Paula Cole’s amen — excuse me: Paula Cole Band’s Amen — is pretty unbearable, and for reasons that have only partly to do with her decision to let Dawson’s Creek use her 1998 hit ”I Don’t Want to Wait” as its opening theme. A pretty wisp of a tune, ”I Don’t…” became annoyingly overexposed, as would any song that was replayed every week and in countless commericials for a TV show. Hell, even a perfect pop song like — oh, I don’t know, Aretha Franklin’s ”Chain of Fools,” for example — would become excruciating if you had to hear it week in and week out as the theme to, say, Norm.
But the irritation one feels listening to Amen, Cole’s third album, has more to do with what the success of her previous collection, 1996’s This Fire, has done to her. Its 2-million-plus hit status — along with the pervasive airplay and debate-stirring sexual politics of its breakthrough single ”Where Have All the Cowboys Gone?” — seems to have thrown Cole back on herself. Even as she’s making a group name shift to Paula Cole Band, to acknowledge the contributions of guitarist Kevin Barry and drummer Jay Bellerose, she seems convinced that it’s the Paula Cole Philosophy that people want to hear. This Fire brought to mass attention the strong, surging voice of a woman who wrote, played, and produced songs of unremitting introspection that were nonetheless universal enough to invite identification and sympathy in the listener. Amen offers, as its title hints, Paula Cole as preacher.

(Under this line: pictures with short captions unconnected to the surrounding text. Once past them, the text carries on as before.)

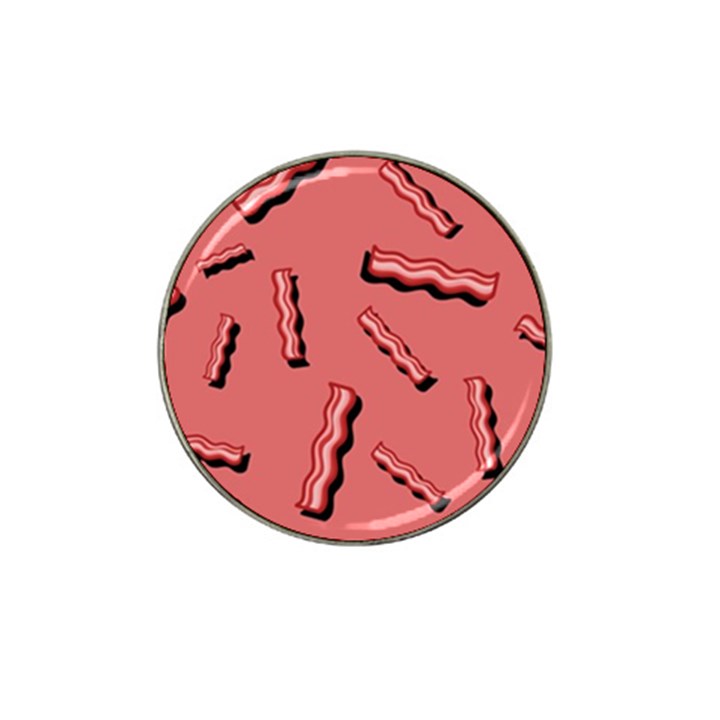 Funny Bacon Slices Pattern infidel vintage red meat background  Hat Clip Ball Marker (4 pack)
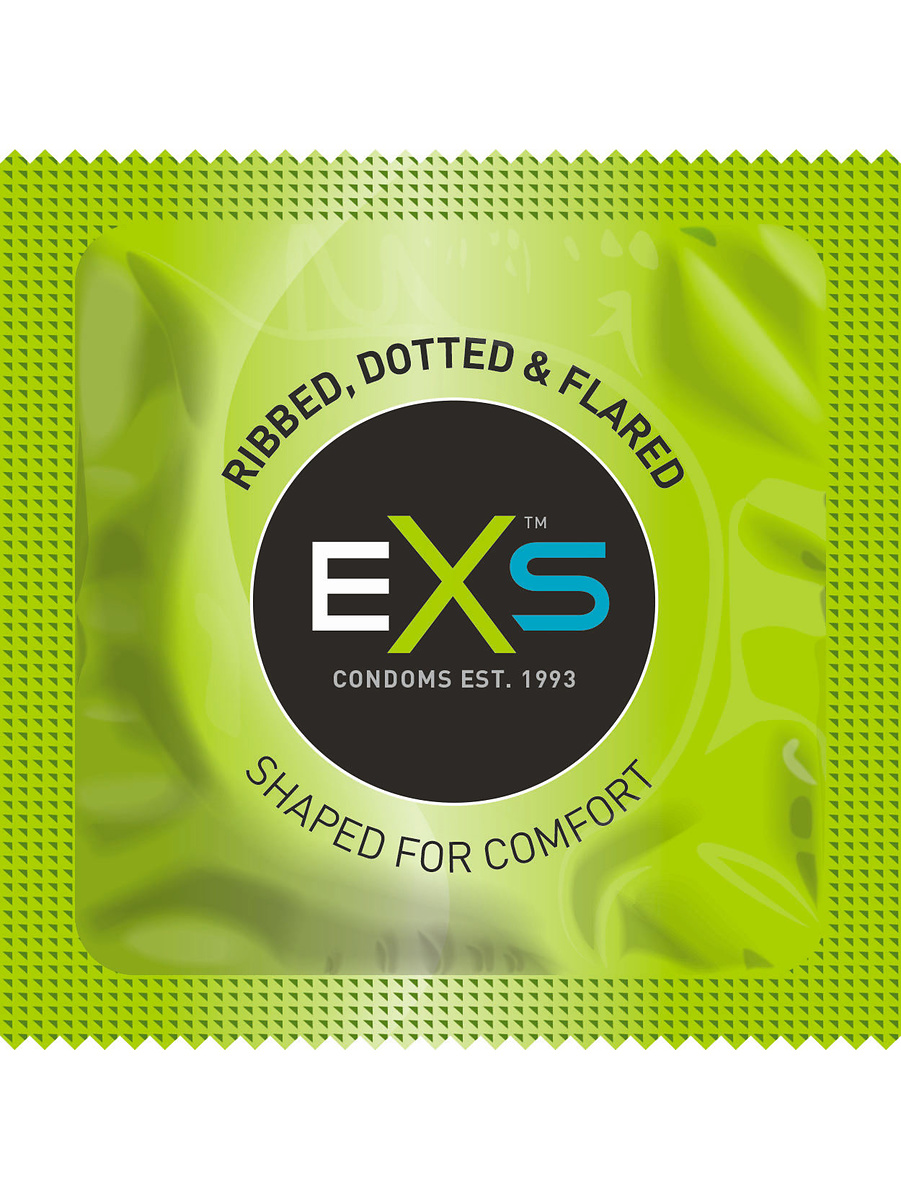 Ribbed & Dotted Condoms, 100-pack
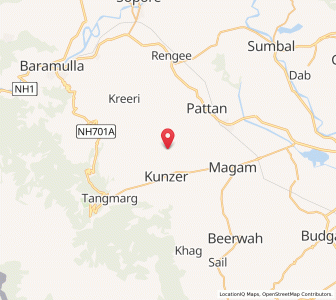 Map of Ningapur, Kashmir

I don’t mind when, on ”Pearl,” Cole belabors the couplet ”Baggage from my family/Going back to therapy,” because these confessional-genre cliches are transcended by the song’s swirling, happily distracting melody. Similarly, the album’s first single, ”I Believe in Love,” is powered by a sweeping disco beat reminiscent of a solid Gamble-and-Huff Philadelphia International production, and Cole puts an ache in her voice that sells the ballad even as it gets your hips twitching. The song is also the most specific — and most successful — example of Cole’s noticeable increase in working R&B and hip-hop musical locutions into her music.
But most of the time, the melodies serve the lyrics rather than the other way around, and Cole shouldn’t invite close inspection of either her wordplay or her messages. The title tune is an egregious example of the ”list” song, in which the singer enumerates the people she deems worthy of redemption, or at the very least a hearty ”Amen.” These range from the comparatively blameless (Elvis Presley, Gloria Steinem, and, fer Pete’s sake, Mahatma Gandhi) to the questionable (O.J. Simpson, Saddam Hussein), all names set to a monotonously metronomic beat that only underscores the self-righteousness of this exercise in forgiveness that’s less Christian than queenly. (Later on the album, Cole presumes to tell us what ”God Is Watching,” reducing the higher power to a kind of Santa Claus looking down from heaven at who’s been naughty and who’s been nice. (Suggestion to Cole: In keeping with Amen’s spirit of magnanimity, shouldn’t you be giving Rodney King a cut of the royalties for your hijacking of the phrase ”Can we all just get along”?)
There is no song on Amen as elegantly crafted and quietly unassuming as This Fire‘s ”Carmen,” to use just one example. Instead, we are treated to awkward rapping — abetted by an indulgent DJ Premier, from Gang Starr — about ”the critics and the cynics who don’t understand the lyrics.” Oh, if only that were so, Paula! It’s the spareness of arrangements designed to emphasize the words and the instrumental minimalism — the plaintive guitar chords on ”Free,” the stark rhythm-section drone of ”Suwannee Jo” — that can make cliches like ”Nothing more important than following your soul” turn even the most generous listener into a critic who is at least skeptical, if not cynical.
There’s no denying the richness of Cole’s singing, and I’ll never tune out the catchy ”I Believe in Love” if it pops up on the radio. But, hokey, tricked-up, and empty in a way her previous release rarely was, the follow-up to This Fire might more accurately have been titled This Smoke and These Mirrors.